- Born: November 29, 1971 (age 54) Iași, Romania
- Occupation: Actress
- Beauty pageant titleholder
- Title: Miss Romania 1991
- Years active: 1991–present
- Major competition(s): Miss Romania 1991 (Winner) Miss Universe 1991 (Unplaced)

= Daniela Nane =

Romanian actress (born 1971)

Daniela Nane (born November 29, 1971) is a Romanian actress, director and beauty pageant titleholder who was crowned Miss Romania 1991 and represented her country at Miss Universe 1991.

==Early life and education==
She was born on 29 November 1971 in Iași, Romania. In 1994, she attended a masterclass at the European League of Institutes of the Arts. Later, in 2011, she participated in a training course in "Japanese Culture and Civilization and Japanese Theater" at Osaka University through the UNESCO Chair.

==Career==
Nane stepped into the spotlight in 1991, when she won the Miss Romania pageant and a year later, she became Romania's first participant in the Miss Universe beauty pageant held in Las Vegas. Afterward, from 1991 to 1995, she attended the Caragiale National University of Theatre and Film, where she studied with instructors like Mircea Albulescu, Cătălin Naum, and Adrian Titieni.

Nane is also an artistic director of the Musical Theater Ambasadorii. She has starred in more than 50 theatrical plays, feature films, and television shows during her career. In 2021, she debuted as a director with a comedy play on Broadway, filmed in Vâlcea.

==Personal life==
Until 2002, Nane was married to a businessman Viorel Popa with whom she had a child, Codrin. After her divorce, she was in a relationship with the director Andrei Zincă for some time.

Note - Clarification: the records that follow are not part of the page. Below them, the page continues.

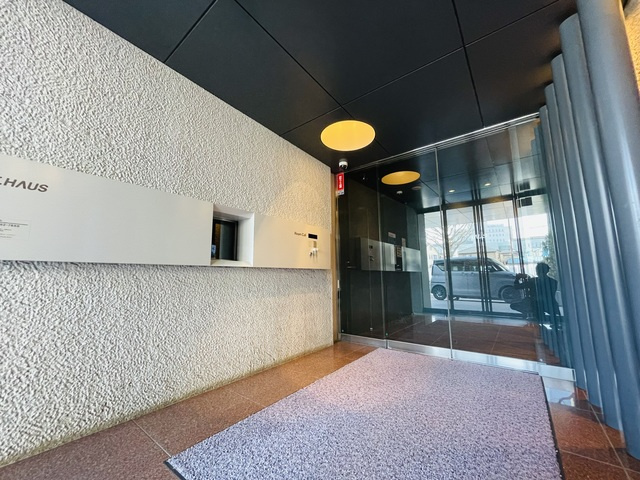 Ｔ－ＨＡＵＳのロビー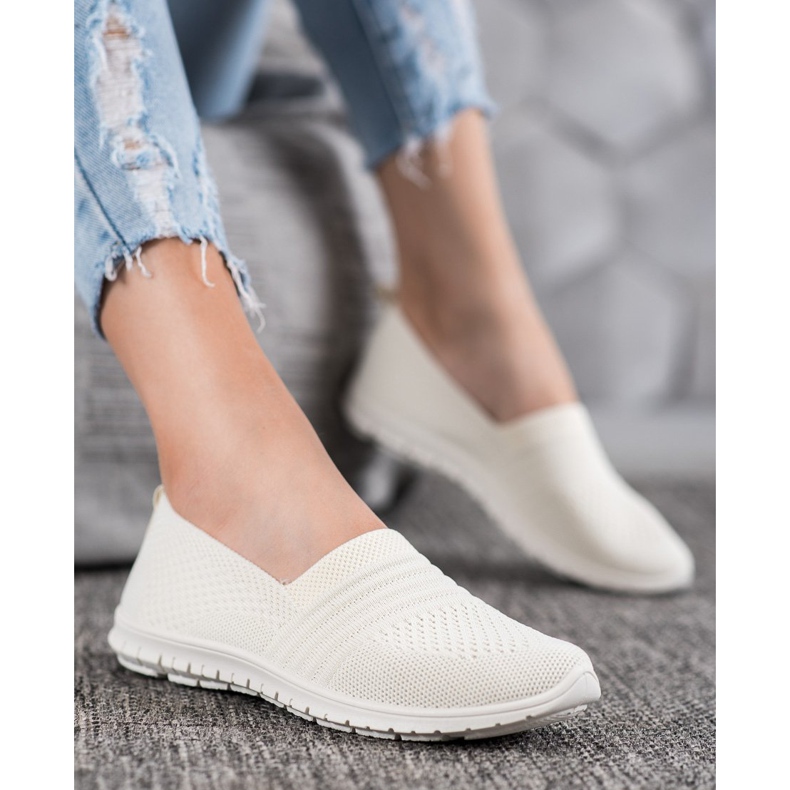 SHELOVET Slipons com aberturas confortáveis marrom 1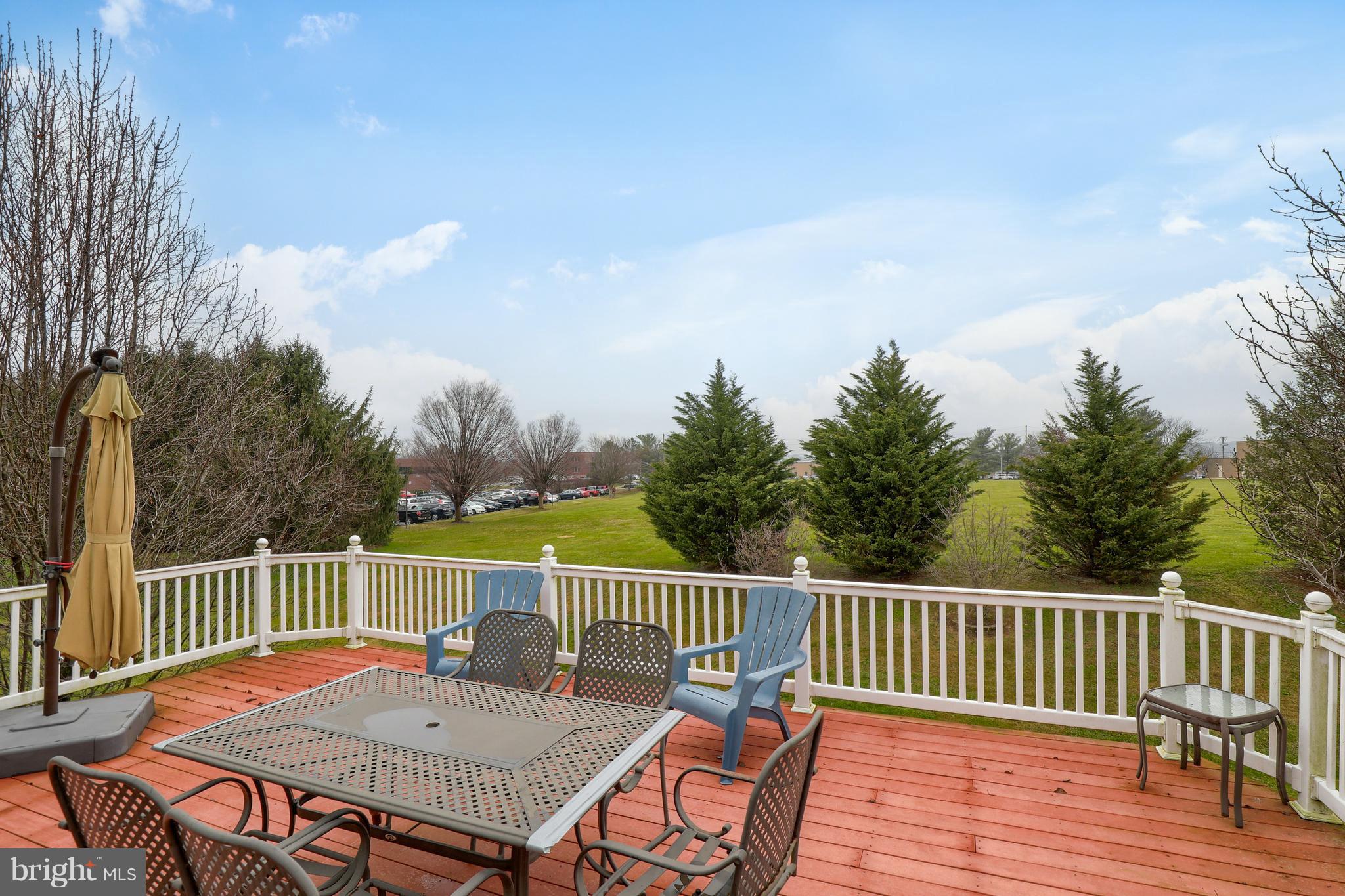 323 Squire Lane Lititz, PA 17543 - Photo 2 of 25 Gallery Image 2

Later in 2016, she married Adrian Cioroianu, the former minister of foreign affairs.

==Awards==
Nane won two best actress awards for her debut in Patul lui Procust, directed by Cătălina Buzoianu.

==Filmography==
- 1996 Μπίζνες στα Βαλκάνια (Biznes sta Valkania) as Stella
- 1996 Eu sunt Adam (My Name Is Adam) as Oana
- 1997 Femeia în roșu (The Woman in Red)
- 1998 Dublu extaz (Double Ecstasy)
- 2000 Epicentru (Epicenter)
- 2003 La Bloc (The Block) as Monica
- 2004 În extrasezon (In the off-season) as Suburban Mom
- 2004 Orient Express as Carmen Ionescu
- 2004 Aripile întunericului (Gargoyle: Wings of Darkness) as Peasant Girl
- 2004 O secundă de ură (A Second of Hate) as Ana
- 2004 Căsătorie imposibilă (Impossible Marriage) (TV Series)
- 2005 Prințesa vampirilor (Vampire Princess) (BloodRayne) as Rayne's Mother
- 2005 "15" as Nina
- 2006 La urgență (In the Emergency) (TV series)
- 2006 Happy End as Dana's Mother
- 2008 Dincolo de America (Beyond America) as Milena Savian
- 2008 Dragoste pierdută (Lost Love)
- 2008 17 - O poveste despre destin (17 - A Story About Destiny) (TV Series)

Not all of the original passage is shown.